Howard Becker, who has recently praised reasoning from cases as the most creative aspect of sociological research practice (see his “What About Mozart? What About Murder?”) quotes John Cage as reputedly saying “music is the moral evaluation of noise.” He is trying to present cases as black boxes from past or contemporary events waiting for a sociologist to decode their contents. Decode means here to explain why in this particular case a given input had produced this unique output. We may consider organizational theory and organizational change patterns, methods and both desired and unexpected outcomes also in terms of such black boxes. Some of his comments, for instance about persistence of a musical practice of giving concerts with orchestras composed of musicians playing the same classics for the past 100 years, or about inertia’s other name being hegemony, clearly are meant to resuscitate sociology from its academic existence as a supplier of experts for professional bureaucracies, especially the public ones.

Serina Al-Haddad and Timothy Kotnour, both from the University of Central Florida in Orlando, are trying to present a synthetic overview of the existing research literature on organizational change. They strongly suggest that change managers and agents might profit from knowing what inputs are likely to generate desirable outcomes. They might, if they pay close attention to possible answers to a question under what circumstances and in which organizational settings their desirable state of organizational affairs might be best accomplished. “Integrating the organizational change literature; a model for successful change” is a promising title, though what emerges is, I guess, rather different than a model in a traditional, say, econometric sense.

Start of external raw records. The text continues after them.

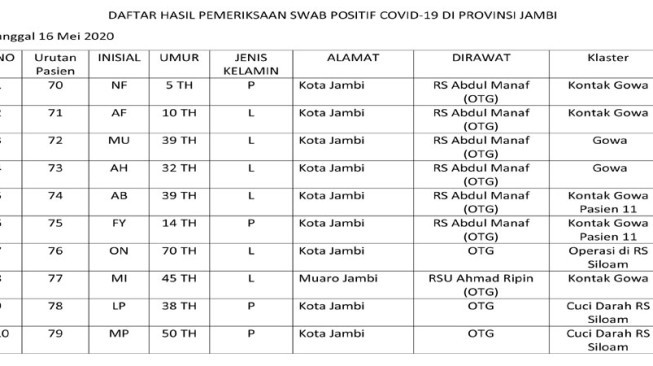 Mendekati Tiga Digit, Corona di Jambi Sudah 79 Kasus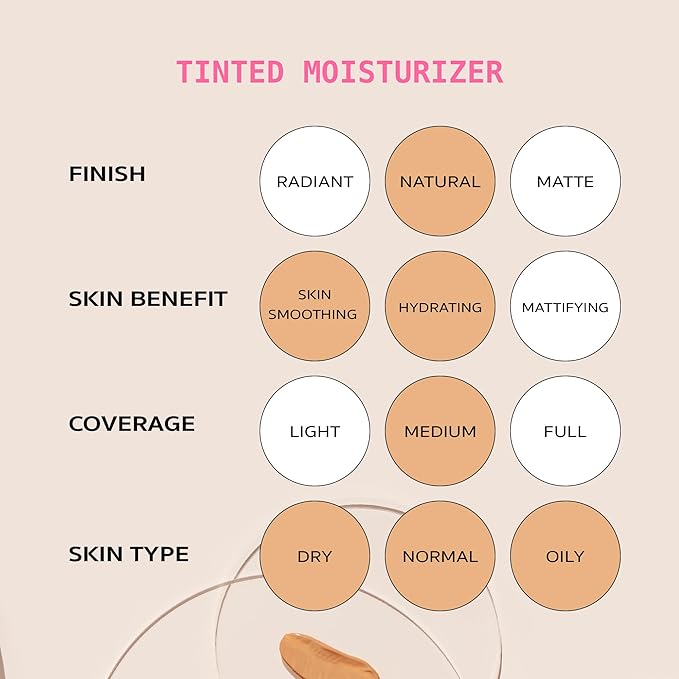 Ruby Kisses Tinted Moisturizer, Hydration, Calm & Revitalize Skin, Skin Perfecting, Blur Pores & Fine Lines, Natural Finish & All-Day Comfort Wear (Golden)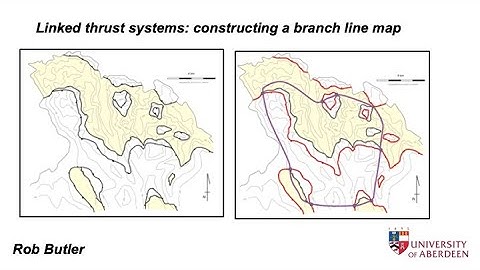 Linked thrust systems: constructing a branch line map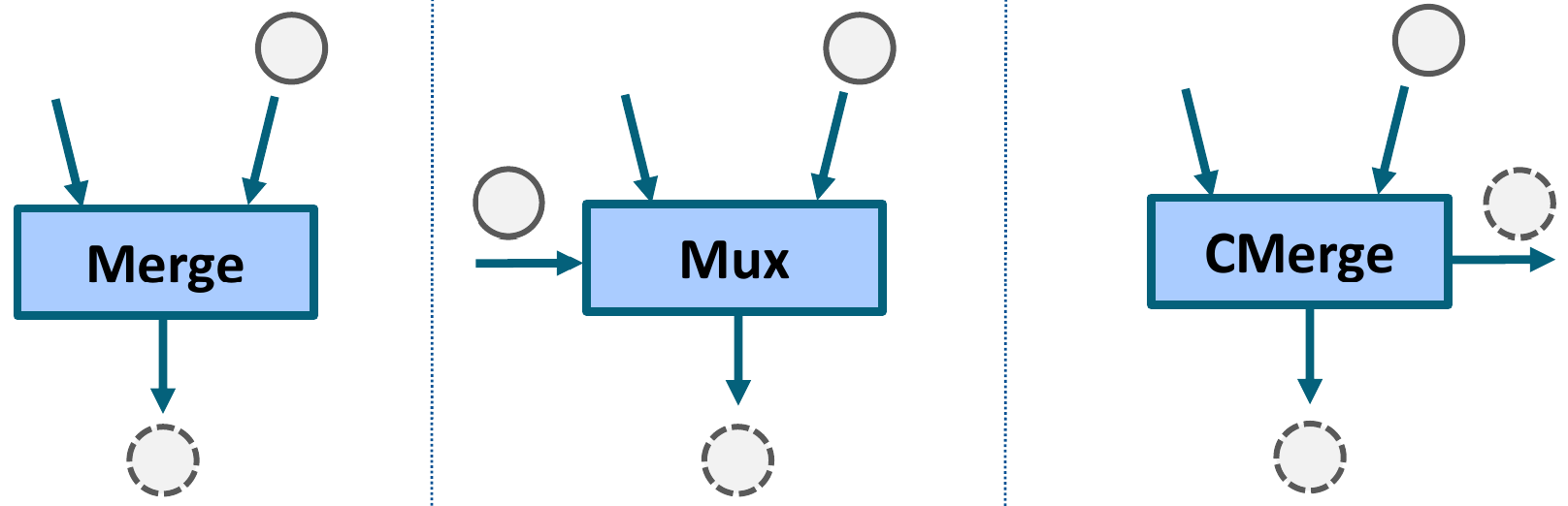 Merge-like operations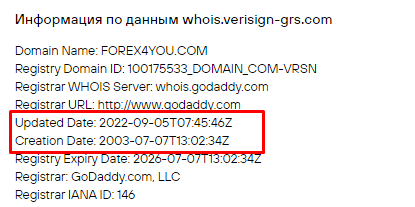 Проект Forex4you — отзывы, разоблачение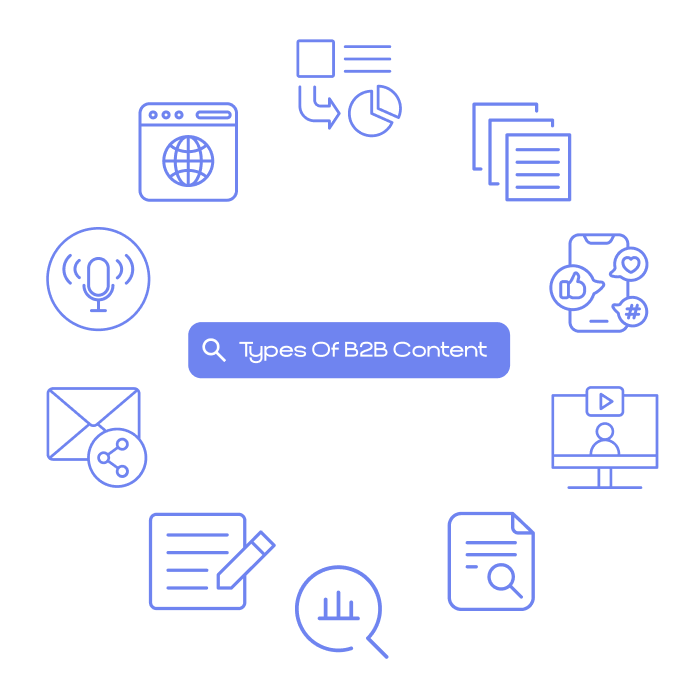 A Complete Guide To B2B Content Marketing Strategies In 2023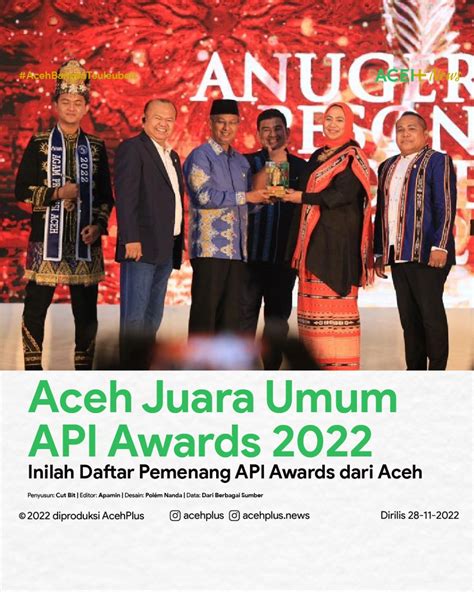 Aceh Juara Umum Api Awards Ini Daftar Pemenang Dari Aceh Good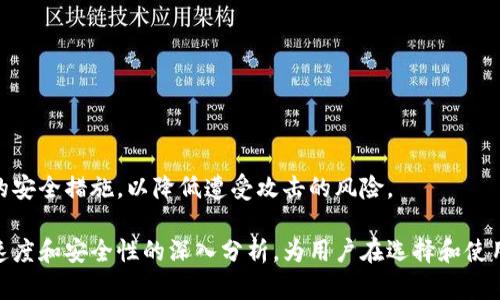 思考一个吸引用户查看且详细全面的优秀，放进bibiao/bibiao标签里，和4个相关的关键词 用逗号分隔，关键词放进/guanjianci标签里，然后围绕详细介绍，写大约4300个字的内容，并思考3个可能相关的问题，并逐个问题详细介绍，每个问题介绍内容不少于700字，分段加上标签，段落用标签表示。


bibiao区块链钱包交易的速度与安全性全面解析/bibiao

关键词：
区块链钱包, 交易速度, 安全性, 数字货币/guanjianci

区块链技术自问世以来，已逐渐渗透到金融、物流、医疗等多领域，尤其是数字货币的兴起使得区块链钱包作为存储和交易数字资产的工具变得尤为重要。本文将全面解析区块链钱包交易的快与安全，帮助用户深入理解这一重要主题。

区块链钱包的基本概念
区块链钱包是用于存储和管理数字资产（如比特币、以太坊等）的工具，其底层技术基于区块链网络。与传统银行账户相似，区块链钱包允许用户接收、存储和发送数字货币，但其运行机制和安全措施却大相径庭。
区块链钱包主要分为热钱包和冷钱包。热钱包在线上进行管理，方便用户随时随地进行交易，但因常常连接互联网，风险相对较高。而冷钱包则是将数字资产离线存储，安全性更高，适合长期投资者或大额资产的存储。

区块链钱包交易的速度
在区块链网络中，交易速度通常是一个重要的考量因素。区块链钱包交易的快慢主要受到以下几个因素影响：

h41. 区块链网络的拥堵情况/h4
区块链网络的拥堵情况常常影响交易的确认速度。在高峰期，交易数量激增，区块链网络可能无法及时处理所有交易，造成交易延迟。这种情况下，用户可以选择提高交易手续费，以便优先处理他们的交易。

h42. 区块链的设计与技术/h4
不同区块链的设计决定了其交易速度。例如，比特币的区块生成时间为10分钟，而以太坊的区块生成时间只需15秒，因此在同等网络条件下，以太坊的交易速度显然更快。此外，新兴的区块链技术，如Solana和Avalanche，其设计架构旨在实现更高的交易处理能力，极大提升交易速度。

h43. 交易费用的影响/h4
交易费用是另一个影响交易速度的关键因素。用户可以设置愿意支付的手续费，矿工通常会优先处理手续费更高的交易。在网络拥堵时，用户为了加快交易确认，可能需要支付更高的手续费。反之，设置较低手续费的交易可能会被延迟处理，甚至可能长时间未被确认。

综上所述，区块链钱包的交易速度并非一成不变，而是受多种因素的影响，用户在使用时需要根据具体情况做出选择。

区块链钱包的安全性
安全性是用户选择区块链钱包时最为关注的问题之一，影响区块链钱包安全性的因素主要包括：

h41. 钱包类型的选择/h4
如前所述，热钱包和冷钱包的安全性各有不同。热钱包因常常连接互联网，容易受到黑客攻击、钓鱼及恶意软件等威胁。相对而言，冷钱包的离线存储特点使其在安全性上具有一定的优势，适合存储大额的数字财富。

h42. 私钥的管理/h4
区块链钱包的安全核心在于私钥的保护。私钥是一串唯一的代码，持有私钥即拥有对钱包中资产的完全控制权。若私钥被泄露，黑客将轻易获取用户的数字资产。因此，用户应妥善保管私钥，避免将其存放于不安全的设备上。

h43. 交易平台的信誉/h4
优质的交易平台通常会实施多重安全措施，如启用双重身份验证（2FA）、定期安全审计等，从而提升用户的资金安全。选择知名、信誉良好的交易平台可有效降低资金被盗的风险。

相关问题1：如何选择合适的区块链钱包？
选择合适的区块链钱包需要考虑多个方面：
h41. 安全性/h4
钱包的安全性是首要考虑因素。用户应选择提供多重安全措施的钱包，并确保其私钥安全。
h42. 钱包类型/h4
用户需根据交易频率及资产规模选择钱包类型，频繁交易可选择热钱包，长期持有可选择冷钱包。
h43. 用户界面和功能/h4
易用的界面和丰富的功能可提升用户体验，用户应选择符合自己需求的钱包。

相关问题2：区块链交易延迟的解决方法？
交易延迟是区块链使用中常见的问题，常见解决方法包括：
h41. 提高手续费/h4
在交易高峰期，提高交易手续费可以提升被矿工优先处理的可能性。
h42. 利用交易加速器/h4
某些平台提供交易加速器服务，可帮助加快未确认交易的处理速度。
h43. 选择高级网络/h4
新兴的区块链具有更高的处理能力，用户可借助这些网络以减少交易延迟。

相关问题3：区块链钱包被黑客攻击的案例与防范措施
近年来，有大量区块链钱包因黑客攻击而遭遇重大损失，知名案例包括：
h41. Bitfinex事件/h4
2016年，Bitfinex因网络漏洞被黑客攻击，损失近12万比特币。事件后，Bitfinex采取多项安全措施以恢复用户信任。
h42. Coincheck事件/h4
2018年，Coincheck遭遇黑客攻击，损失5.3亿美元的NEM。事件后，Coincheck实施了更严格的资金管理政策。
h4防范措施：/h4
用户应通过选择有信誉的平台、启用双重身份验证和加密私钥等方式尽量保护自己的资产。此外，用户也应定期更新交易平台的安全措施，以降低遭受攻击的风险。

综上所述，区块链钱包作为数字资产的重要管理工具，其交易速度和安全性对用户体验至关重要。本文通过对区块链钱包交易速度和安全性的深入分析，为用户在选择和使用区块链钱包时提供了参考。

Peter Steane (from Sydney’s Australian Catholic University), Yvon Dufour (from the University of Sherbrooke in Quebec) and Donald Gates (also from ACU in Sydney) are trying to investigate what goes on inside the black box of a case of a public organization’ s change. They discuss “Assessing impediments to NPM change” and Becker might be amused to see his metaphor of a black box put to a managerial use (though sociologists in general and Howard Becker in particular, are not read very often by researchers in organizational theory). A similar investigation of the black box of organizational changes under the label of New Public Management has been conducted by a team of Australian investigators led by the first author, Fiona Buick (University of Canberra) accompanied by Deborah Blackman (from University of New South Wales in Canberra), Michael O’Donnell (also from UNSW in Canberra), Janine O’Flynn (University of Melbourne) and Damian West from the Australian Public Service Commission in Canberra. In the title of their paper they ask simply: “Can enhanced performance management support public sector change?”. A similar question is posed by three Dutch researchers, Joris van der Voet from ESADE in Barcelona and his two colleagues from Erasmus University in Rotterdam, Ben Kuipers and Sandra Groeneveld – the title of their paper is “Held back and pushed forward: Leading change in a complex public sector environment.”

Roy Smollan from New Zealand writes on “Causes of stress before, during and after organizational change” on the basis of his interviews with managers subjected to a major organizational change. He notices that employees of a company, which implements a change program are stressed not only by their own fears but also by clearly perceived stress of their fellow employees. He suggests that this is recognized and accounted for (for instance with a design of counter-stress and compensating activities by change agents).

Last not least the metaphor of a black box comes back in Ann Dadich’ s paper on “Reacting to and managing change within Juvenile Justice.” The author clearly suggests that no black box is like another black box and thus organizational settings for juvenile justice in which a change is implemented offer a variety of cases, each of which differs from one another to the point that a general covering law of a successful change implementation is hard to imagine. What a way to go into 2015!